Increase llama context window safely by Jam-Cai · Pull Request #215 · FuJacob/cotabby

Jam-Cai · 2026-05-25T03:24:54Z

Summary

use a 4096-token default llama context for autocomplete across build configurations
cap visual-context summarization at a 2048-token temporary context and bound summary batch size to that context

Why

Autocomplete benefits from the larger KV window, and tests should exercise the same default runtime configuration instead of getting a build-specific shortcut.
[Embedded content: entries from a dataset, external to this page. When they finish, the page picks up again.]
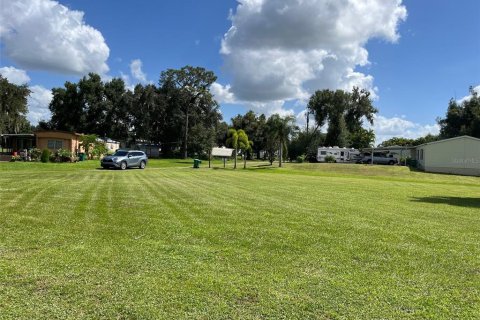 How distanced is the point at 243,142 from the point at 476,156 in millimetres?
23081

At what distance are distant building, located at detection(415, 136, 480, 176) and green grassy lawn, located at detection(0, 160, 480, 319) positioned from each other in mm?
33325

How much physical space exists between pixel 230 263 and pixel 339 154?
185 ft

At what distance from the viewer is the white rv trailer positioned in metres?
58.9

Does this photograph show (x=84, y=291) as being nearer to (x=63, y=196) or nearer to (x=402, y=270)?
(x=402, y=270)

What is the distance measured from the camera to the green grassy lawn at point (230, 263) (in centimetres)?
381

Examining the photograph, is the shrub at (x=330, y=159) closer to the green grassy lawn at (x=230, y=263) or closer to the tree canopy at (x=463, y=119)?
the tree canopy at (x=463, y=119)

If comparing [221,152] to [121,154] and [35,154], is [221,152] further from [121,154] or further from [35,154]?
[35,154]

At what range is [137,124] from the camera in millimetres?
64125

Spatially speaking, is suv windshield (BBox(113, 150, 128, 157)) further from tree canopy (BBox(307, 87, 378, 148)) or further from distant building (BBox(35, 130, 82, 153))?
tree canopy (BBox(307, 87, 378, 148))

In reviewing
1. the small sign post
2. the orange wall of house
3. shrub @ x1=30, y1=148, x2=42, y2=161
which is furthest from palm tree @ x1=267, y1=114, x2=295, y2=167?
shrub @ x1=30, y1=148, x2=42, y2=161

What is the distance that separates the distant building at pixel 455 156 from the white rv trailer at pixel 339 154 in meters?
17.6

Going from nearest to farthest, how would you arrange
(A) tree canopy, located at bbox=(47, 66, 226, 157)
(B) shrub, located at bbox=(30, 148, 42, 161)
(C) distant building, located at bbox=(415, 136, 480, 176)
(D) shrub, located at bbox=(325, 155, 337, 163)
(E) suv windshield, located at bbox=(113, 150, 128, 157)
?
(E) suv windshield, located at bbox=(113, 150, 128, 157), (B) shrub, located at bbox=(30, 148, 42, 161), (C) distant building, located at bbox=(415, 136, 480, 176), (D) shrub, located at bbox=(325, 155, 337, 163), (A) tree canopy, located at bbox=(47, 66, 226, 157)

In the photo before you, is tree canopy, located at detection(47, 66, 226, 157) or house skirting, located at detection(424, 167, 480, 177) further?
tree canopy, located at detection(47, 66, 226, 157)

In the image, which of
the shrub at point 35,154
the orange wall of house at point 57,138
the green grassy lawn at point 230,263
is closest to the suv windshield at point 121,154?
the shrub at point 35,154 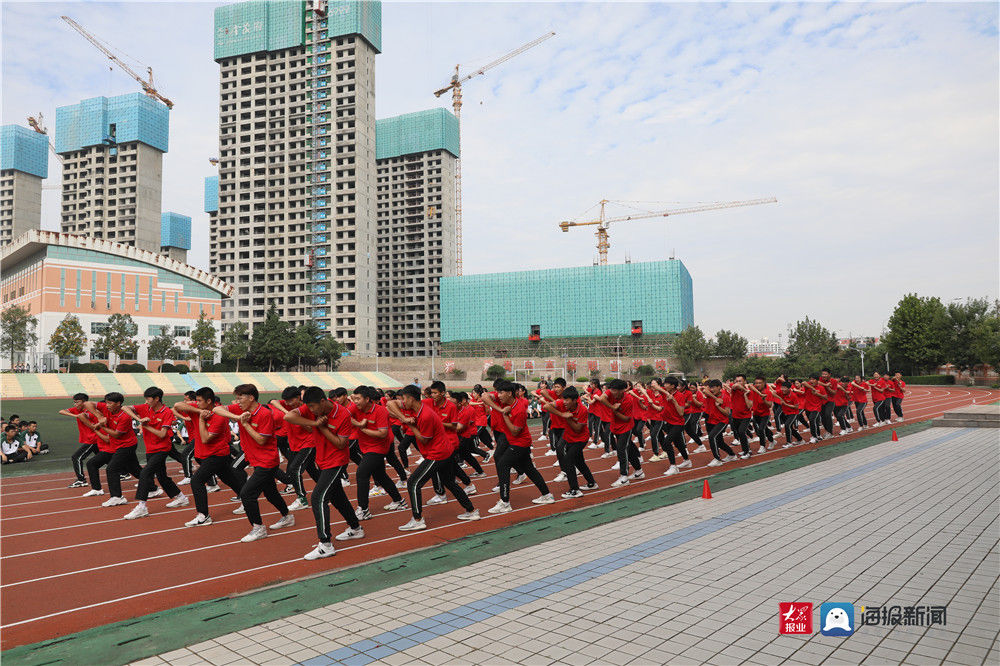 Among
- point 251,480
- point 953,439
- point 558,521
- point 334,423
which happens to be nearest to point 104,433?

The memory guard belongs in summarization because that path creates an extra temporary llama context; keeping that auxiliary context at 2048 avoids doubling peak memory when visual-context summaries run alongside autocomplete.

Validation

xcodebuild -project tabby.xcodeproj -scheme tabby -destination 'platform=macOS' build
xcodebuild -project tabby.xcodeproj -scheme tabby -destination 'platform=macOS' build-for-testing
xcodebuild -project tabby.xcodeproj -scheme tabby -configuration Release -destination 'platform=macOS' build

Greptile Summary

This PR increases the default llama context window from 2048 to 4096 tokens for autocomplete, and adds a 2048-token cap for the summarize() path so the auxiliary visual-context sequence can't monopolize more than half of the shared KV pool when both paths run concurrently.

LlamaRuntimeModels.swift: contextWindowTokens in LlamaRuntimeConfiguration.default is bumped unconditionally from 2048 → 4096.
LlamaRuntimeCore.swift: Introduces summarizeContextWindowCap = 2048 and derives summarizeContextWindow = min(contextWindowTokens, cap); clamps maxPredictionTokens to summarizeContextWindow - 1 and maxPromptTokens to max(1, summarizeContextWindow - maxPredictionTokens), then uses the clamped value in the generation loop (previously the loop ran uncapped at options.maxPredictionTokens).

Confidence Score: 5/5

Safe to merge. The KV-budget arithmetic is correct and the generation loop is now properly bounded to the capped window in the summarize path.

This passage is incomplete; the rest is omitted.